ISSUE 23 - DECEMBER2022

Alumni Talk About Books and College Memories

On Thursday 22 September, alumni Kelvin Choy (Sociology, 2016), Jun Li (Journalism, 2014), and Joshua Ngai (Sociology, 2014) returned to Morningside to introduce books that had shaped their thinking on social or professional issues.

 

Joshua (a barrister) introduced Maurice Leblanc’s The Adventures of Arsène Lupin, Gentleman-Thief (1907), and spoke of his fascination with the art of the gentleman-thief, as well as his views on crime. Jun is a film director who has won the Golden Horse Award for best adapted screenplay for his film Drifting (2021). He picked Nigel Collett’s A Death in Hong Kong: the MacLennan Case of 1980 and the Suppression of a Scandal (2018).
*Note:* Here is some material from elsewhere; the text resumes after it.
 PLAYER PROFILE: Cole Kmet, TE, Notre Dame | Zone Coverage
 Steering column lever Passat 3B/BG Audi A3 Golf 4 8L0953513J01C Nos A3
Jun aims to explore social issues and power inequities. The book he picked recounts Hong Kong's judicial and social dynamics in the 1980s and 1990s. Kelvin is the business development manager of a film company and has a keen interest in the social sciences. He recommended One World (1943) by Wendell Wilkie, a former American politician, for its prescient descriptions of globalization.

 

Students quizzed the alumni on their book choices, and shared their own interests in books on politics, the social sciences, history, and some novels. Speaking of careers was off the day’s agenda but Kelvin and Jun spoke of how they participated in a drama festival together as students and continue to meet professionally for their work in the film industry; Jun and Joshua first met as roommates at Morningside.